## What is being asked
With the pictures left out, print exactly the lines below that run from the one containing "PATCHOLOGY BE CALM PATCHES" through the one containing "Devendra Fadnavis, Ajit".

## Source material

--

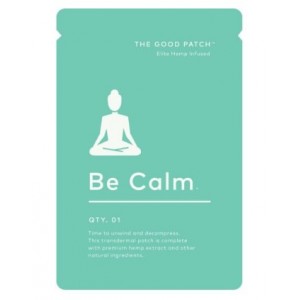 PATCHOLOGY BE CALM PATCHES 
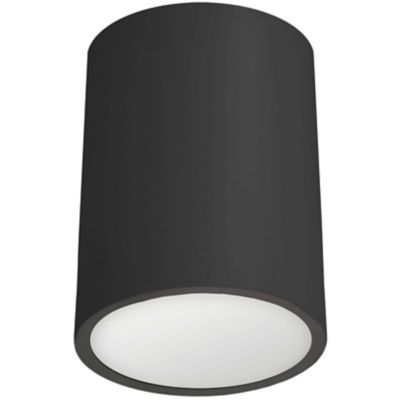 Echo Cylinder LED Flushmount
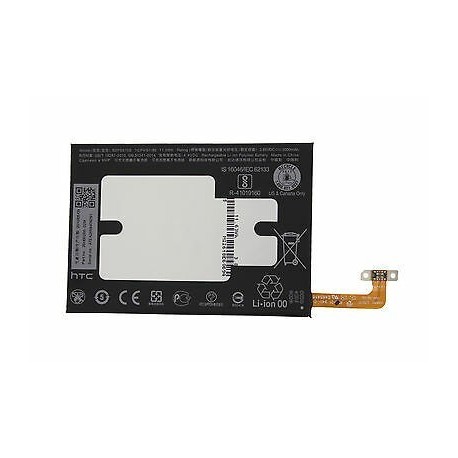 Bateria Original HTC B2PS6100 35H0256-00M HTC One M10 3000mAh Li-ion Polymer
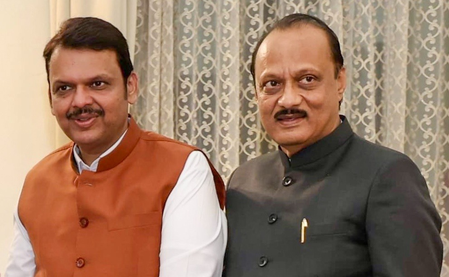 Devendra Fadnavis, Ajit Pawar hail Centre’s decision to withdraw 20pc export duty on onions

--

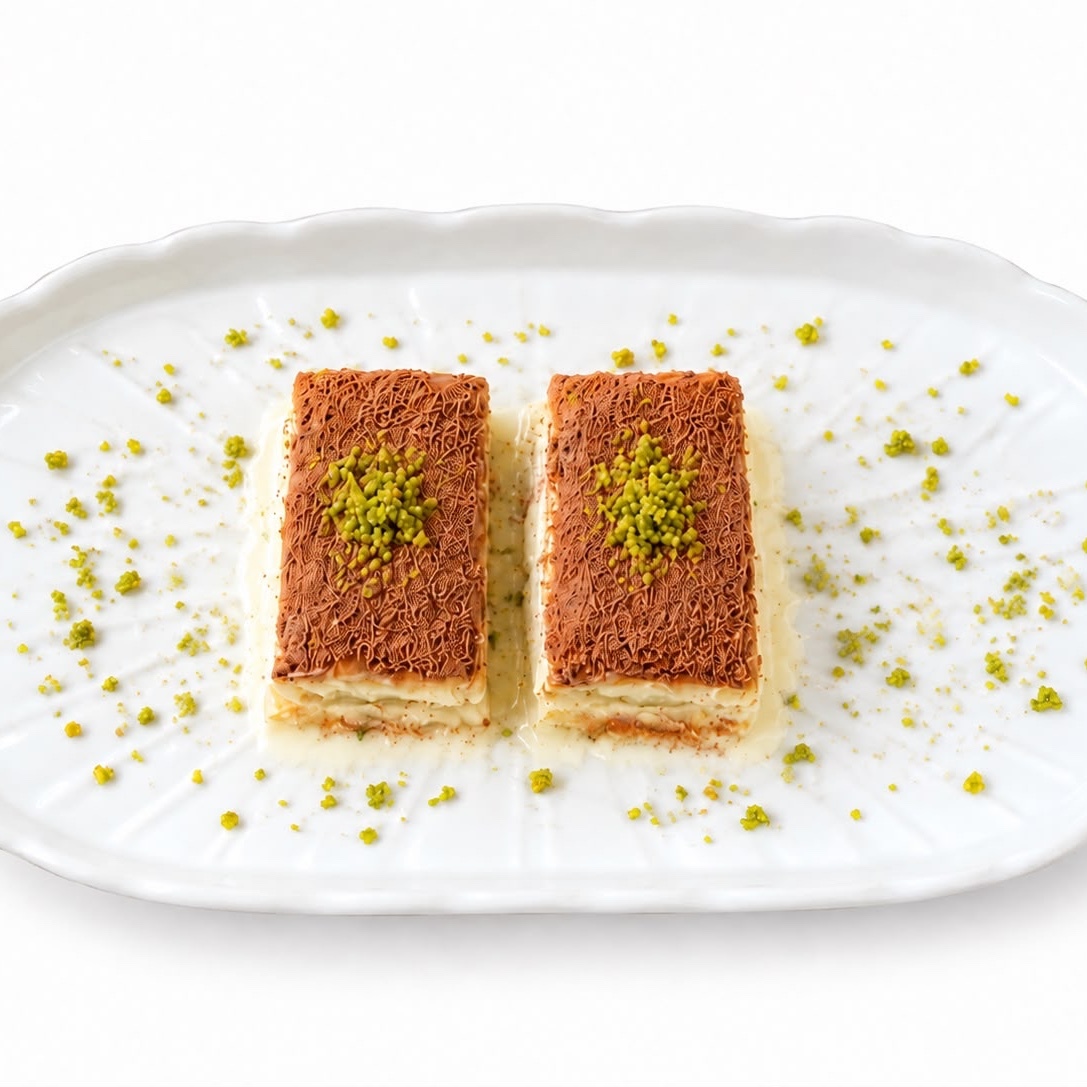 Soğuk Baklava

--

## Answer for the task
 PATCHOLOGY BE CALM PATCHES 
 Echo Cylinder LED Flushmount
 Bateria Original HTC B2PS6100 35H0256-00M HTC One M10 3000mAh Li-ion Polymer
 Devendra Fadnavis, Ajit Pawar hail Centre’s decision to withdraw 20pc export duty on onions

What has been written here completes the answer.